The Two sides of Time Value of Money

 The Two sides of Time Value of Money

Just as a Coin has two sides, so money has a two things for time to grow.

No matter what investment avenues we invest in, there are few things to know that go beyond the Investment returns. They are like Inflation, Taxes and Reinvestment opportunity. Most of us have a laid back attitude when it comes to painting a picture about Money. Yes, every one thinks that for growing wealth - Big Profits or High returns is important.

However the Profits or High returns are not the only reason for money to grow. It's time, the Investment period is always important and considered to be as Mandatory. The more time we give our money to grow, the more it's growth will be. The reason for this is the benefit of Compound Interest.

Power of Compounding is the eighth wonder of the world. It is the miraculous weapon of the Super Rich today.

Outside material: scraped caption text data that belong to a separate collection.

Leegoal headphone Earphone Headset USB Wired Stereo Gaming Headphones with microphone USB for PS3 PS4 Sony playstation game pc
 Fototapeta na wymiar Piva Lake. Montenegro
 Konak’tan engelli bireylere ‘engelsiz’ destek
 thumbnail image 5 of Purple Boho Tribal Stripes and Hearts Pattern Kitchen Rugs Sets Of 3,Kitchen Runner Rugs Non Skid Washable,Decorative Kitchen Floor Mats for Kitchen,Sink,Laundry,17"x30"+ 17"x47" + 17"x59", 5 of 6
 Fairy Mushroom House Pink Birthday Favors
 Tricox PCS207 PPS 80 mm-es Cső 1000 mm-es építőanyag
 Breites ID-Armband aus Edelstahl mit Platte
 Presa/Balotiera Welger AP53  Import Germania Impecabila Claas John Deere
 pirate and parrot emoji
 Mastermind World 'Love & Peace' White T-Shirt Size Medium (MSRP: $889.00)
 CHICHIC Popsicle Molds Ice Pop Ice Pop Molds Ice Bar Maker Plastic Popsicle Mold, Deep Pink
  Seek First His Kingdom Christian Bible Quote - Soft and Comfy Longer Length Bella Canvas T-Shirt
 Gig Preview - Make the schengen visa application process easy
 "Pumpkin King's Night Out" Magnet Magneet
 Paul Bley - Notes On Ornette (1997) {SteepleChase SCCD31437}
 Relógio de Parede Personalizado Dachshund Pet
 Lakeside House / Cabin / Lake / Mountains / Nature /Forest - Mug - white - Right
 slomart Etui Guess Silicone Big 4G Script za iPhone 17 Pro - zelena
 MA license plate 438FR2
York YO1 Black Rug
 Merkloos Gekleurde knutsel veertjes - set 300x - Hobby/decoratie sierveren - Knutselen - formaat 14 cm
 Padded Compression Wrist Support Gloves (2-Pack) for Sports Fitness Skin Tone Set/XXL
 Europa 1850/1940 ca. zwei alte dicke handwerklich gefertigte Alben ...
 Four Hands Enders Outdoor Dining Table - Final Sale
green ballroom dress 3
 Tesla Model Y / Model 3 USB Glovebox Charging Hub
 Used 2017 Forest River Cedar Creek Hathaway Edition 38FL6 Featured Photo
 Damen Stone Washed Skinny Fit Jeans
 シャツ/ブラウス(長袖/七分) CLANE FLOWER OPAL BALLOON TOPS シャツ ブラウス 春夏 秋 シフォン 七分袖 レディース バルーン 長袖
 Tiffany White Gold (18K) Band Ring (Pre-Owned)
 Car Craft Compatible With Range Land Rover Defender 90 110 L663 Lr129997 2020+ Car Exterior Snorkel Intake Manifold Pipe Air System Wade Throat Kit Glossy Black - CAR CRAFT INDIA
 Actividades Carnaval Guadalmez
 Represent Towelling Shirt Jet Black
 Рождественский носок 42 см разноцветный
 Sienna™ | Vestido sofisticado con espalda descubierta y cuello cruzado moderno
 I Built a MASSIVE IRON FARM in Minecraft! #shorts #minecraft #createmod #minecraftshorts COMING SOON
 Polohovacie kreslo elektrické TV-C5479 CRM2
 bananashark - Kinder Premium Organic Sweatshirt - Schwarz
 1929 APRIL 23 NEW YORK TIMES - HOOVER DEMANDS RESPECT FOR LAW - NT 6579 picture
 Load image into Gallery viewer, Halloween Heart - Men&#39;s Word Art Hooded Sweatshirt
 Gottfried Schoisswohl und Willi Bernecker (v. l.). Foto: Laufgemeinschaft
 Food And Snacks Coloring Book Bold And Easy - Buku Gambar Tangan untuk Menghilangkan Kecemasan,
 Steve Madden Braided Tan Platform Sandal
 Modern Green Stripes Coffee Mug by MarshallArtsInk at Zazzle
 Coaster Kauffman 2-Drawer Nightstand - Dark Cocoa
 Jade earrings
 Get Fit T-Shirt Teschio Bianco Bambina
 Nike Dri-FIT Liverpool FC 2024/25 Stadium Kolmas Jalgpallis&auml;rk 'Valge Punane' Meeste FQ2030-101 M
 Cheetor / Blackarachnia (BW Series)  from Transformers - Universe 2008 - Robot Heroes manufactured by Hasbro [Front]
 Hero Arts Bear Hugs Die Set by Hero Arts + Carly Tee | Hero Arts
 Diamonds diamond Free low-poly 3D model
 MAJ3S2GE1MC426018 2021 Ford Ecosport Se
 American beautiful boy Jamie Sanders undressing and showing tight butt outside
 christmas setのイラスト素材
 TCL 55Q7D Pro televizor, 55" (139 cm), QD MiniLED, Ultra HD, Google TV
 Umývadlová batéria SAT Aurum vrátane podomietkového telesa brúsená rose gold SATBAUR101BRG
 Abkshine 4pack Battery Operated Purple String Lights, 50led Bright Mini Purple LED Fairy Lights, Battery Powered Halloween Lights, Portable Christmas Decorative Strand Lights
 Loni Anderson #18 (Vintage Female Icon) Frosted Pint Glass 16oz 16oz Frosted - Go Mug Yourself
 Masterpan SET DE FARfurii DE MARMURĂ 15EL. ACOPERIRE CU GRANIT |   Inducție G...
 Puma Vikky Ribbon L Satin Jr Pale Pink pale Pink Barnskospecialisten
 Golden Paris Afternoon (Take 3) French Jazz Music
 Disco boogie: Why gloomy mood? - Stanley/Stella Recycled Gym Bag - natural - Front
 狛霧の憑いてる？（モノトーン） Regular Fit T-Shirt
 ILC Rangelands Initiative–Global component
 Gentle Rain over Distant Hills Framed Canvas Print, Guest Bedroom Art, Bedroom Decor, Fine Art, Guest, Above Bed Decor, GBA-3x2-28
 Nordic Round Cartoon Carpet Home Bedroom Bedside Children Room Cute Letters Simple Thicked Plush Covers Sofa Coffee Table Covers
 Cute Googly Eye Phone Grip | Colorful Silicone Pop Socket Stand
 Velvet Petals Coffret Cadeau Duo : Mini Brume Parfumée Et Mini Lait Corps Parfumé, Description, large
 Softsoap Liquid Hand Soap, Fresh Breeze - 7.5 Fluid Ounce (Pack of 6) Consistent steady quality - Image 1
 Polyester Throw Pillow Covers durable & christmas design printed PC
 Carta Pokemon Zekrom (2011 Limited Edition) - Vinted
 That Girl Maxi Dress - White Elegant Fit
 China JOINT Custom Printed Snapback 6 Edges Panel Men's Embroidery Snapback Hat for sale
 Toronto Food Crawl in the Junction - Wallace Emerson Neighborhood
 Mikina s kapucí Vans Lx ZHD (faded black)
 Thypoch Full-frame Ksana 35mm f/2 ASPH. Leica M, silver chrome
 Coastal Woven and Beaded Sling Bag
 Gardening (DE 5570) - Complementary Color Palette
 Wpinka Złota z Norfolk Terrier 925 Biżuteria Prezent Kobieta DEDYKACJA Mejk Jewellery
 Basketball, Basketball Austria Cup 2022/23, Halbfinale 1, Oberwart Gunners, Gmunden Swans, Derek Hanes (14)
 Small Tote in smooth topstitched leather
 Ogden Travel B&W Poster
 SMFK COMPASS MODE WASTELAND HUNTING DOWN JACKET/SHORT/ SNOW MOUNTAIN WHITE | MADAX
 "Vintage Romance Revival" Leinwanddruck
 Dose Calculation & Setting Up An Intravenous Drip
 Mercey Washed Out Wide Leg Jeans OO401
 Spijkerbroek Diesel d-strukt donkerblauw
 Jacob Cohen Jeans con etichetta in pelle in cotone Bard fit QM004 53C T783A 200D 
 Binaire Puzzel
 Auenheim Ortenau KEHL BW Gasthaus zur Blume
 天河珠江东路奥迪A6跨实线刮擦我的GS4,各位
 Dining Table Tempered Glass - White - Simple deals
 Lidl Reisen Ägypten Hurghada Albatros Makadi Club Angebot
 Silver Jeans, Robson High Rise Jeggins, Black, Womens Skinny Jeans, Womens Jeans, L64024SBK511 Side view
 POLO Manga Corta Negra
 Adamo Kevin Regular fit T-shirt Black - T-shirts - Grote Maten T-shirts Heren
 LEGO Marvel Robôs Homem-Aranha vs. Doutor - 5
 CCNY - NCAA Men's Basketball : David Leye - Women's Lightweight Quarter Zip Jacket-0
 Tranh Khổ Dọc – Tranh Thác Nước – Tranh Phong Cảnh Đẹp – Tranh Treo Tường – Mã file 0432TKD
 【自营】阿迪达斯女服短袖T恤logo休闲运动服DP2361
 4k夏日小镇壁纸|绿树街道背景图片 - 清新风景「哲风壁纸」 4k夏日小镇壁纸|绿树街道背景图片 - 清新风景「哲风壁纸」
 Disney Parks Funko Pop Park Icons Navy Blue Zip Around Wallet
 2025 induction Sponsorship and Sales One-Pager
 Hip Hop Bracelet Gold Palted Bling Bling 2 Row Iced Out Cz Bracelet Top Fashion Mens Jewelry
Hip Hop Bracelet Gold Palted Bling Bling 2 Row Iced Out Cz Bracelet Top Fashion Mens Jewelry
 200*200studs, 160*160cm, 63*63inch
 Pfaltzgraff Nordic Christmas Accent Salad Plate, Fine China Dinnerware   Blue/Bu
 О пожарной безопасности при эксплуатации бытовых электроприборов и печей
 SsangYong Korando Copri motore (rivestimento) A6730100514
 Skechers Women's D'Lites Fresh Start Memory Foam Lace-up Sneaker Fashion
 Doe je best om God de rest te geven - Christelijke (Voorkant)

There is another side of Compound interest is available as well. If the Compound interest would benefit for the Future wealth, then the Discount rate is the present value which provides the better forecast for the future.

Time Value of Money:

The money you have now is not the same as it will be years from now - as per Investopedia

Generally, the Future money is equal to Present Money plus the Time given. The Compounding helps to move the money invested today (Present value) to the Future Value. It can be any rate of return, positive or negative, months or years.

For example, If i have invested an amount of Rs. 10,000 in a particular investment product now and to wait for the next 5 years. After 5 years, if i am getting a maturity amount of Rs. 15,386 (including principal amount), then it has some rate of interest for the said five years. So, the Time value of money works for my invested money to grow in the 5 years.

On the other side, What is the amount required now to invest, if i need a maturity amount of Rs. 15,386 after 5 years ? Here is the Discounting value, which is used to calculate the present value from the Future value. The Time value of money works for me to forecast the Future value to Present value - It's Discounting by the period.

The Discounting Rate or Value is the Present value of an income that is available in the Future.